* [TASK DETAILS]: Set down exactly the lines of the listing below, please, beginning with the first and ending with the line that holds "iron container for".

* [PROVIDED RECORDS]:

......

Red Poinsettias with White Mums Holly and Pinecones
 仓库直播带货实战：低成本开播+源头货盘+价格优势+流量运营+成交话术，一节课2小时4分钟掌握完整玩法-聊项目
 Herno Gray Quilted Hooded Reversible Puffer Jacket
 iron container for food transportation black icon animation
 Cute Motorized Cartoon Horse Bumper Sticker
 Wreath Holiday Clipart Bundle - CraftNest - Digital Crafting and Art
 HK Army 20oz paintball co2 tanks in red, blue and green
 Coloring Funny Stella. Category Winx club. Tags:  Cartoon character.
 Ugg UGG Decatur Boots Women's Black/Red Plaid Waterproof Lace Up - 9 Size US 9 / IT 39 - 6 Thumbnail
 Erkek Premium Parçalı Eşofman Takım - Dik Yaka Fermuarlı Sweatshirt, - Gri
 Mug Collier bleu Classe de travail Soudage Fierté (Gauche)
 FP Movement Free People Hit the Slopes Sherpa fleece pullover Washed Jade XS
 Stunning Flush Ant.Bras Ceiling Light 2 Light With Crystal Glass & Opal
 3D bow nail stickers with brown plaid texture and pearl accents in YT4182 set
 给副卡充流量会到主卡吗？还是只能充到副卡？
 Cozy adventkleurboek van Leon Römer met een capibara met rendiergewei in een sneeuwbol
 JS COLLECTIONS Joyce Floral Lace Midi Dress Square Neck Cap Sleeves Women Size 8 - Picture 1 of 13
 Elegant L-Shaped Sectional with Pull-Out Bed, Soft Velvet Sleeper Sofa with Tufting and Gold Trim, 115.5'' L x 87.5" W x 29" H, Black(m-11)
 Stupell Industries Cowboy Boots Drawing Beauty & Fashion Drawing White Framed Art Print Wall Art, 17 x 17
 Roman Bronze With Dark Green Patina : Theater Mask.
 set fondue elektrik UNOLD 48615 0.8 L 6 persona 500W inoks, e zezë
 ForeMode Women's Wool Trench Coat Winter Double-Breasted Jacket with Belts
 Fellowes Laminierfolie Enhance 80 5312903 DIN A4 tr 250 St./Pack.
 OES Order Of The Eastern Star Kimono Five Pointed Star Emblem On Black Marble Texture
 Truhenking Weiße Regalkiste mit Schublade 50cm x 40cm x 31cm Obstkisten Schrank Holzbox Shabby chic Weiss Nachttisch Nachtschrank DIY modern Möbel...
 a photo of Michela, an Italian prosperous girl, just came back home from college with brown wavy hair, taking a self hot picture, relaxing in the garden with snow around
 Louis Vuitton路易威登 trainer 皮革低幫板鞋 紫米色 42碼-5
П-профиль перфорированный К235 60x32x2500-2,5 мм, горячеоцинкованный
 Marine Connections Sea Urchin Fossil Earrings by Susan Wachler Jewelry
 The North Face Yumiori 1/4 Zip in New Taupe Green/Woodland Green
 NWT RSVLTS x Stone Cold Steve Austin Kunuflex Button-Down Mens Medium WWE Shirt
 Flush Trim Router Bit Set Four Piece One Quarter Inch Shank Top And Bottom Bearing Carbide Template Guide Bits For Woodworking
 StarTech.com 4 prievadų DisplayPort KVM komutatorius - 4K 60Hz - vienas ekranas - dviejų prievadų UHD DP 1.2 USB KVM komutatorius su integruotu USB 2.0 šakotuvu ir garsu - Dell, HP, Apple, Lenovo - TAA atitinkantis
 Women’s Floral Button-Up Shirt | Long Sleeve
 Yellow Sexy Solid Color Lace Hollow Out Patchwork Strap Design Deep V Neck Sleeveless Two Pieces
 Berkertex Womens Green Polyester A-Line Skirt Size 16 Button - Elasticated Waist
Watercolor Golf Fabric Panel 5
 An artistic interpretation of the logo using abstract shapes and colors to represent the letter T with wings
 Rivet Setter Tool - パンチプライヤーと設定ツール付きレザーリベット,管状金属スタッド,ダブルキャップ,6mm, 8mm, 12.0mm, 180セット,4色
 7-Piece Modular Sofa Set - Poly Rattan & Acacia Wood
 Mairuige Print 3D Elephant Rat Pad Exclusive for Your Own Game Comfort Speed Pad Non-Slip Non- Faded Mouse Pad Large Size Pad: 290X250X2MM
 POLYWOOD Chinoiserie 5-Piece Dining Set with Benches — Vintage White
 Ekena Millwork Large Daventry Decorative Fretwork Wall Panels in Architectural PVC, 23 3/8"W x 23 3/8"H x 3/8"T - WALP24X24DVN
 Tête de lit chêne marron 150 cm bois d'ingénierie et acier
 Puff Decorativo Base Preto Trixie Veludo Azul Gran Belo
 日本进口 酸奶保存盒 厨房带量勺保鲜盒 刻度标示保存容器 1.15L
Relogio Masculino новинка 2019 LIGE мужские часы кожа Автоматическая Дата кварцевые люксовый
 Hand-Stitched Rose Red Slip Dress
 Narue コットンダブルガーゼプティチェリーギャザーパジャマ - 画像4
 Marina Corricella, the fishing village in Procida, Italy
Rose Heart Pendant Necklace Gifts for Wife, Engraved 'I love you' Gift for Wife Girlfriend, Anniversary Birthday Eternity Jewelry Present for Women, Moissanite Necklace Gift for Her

......

* [WRITTEN ANSWER]:
Red Poinsettias with White Mums Holly and Pinecones
 仓库直播带货实战：低成本开播+源头货盘+价格优势+流量运营+成交话术，一节课2小时4分钟掌握完整玩法-聊项目
 Herno Gray Quilted Hooded Reversible Puffer Jacket
 iron container for food transportation black icon animation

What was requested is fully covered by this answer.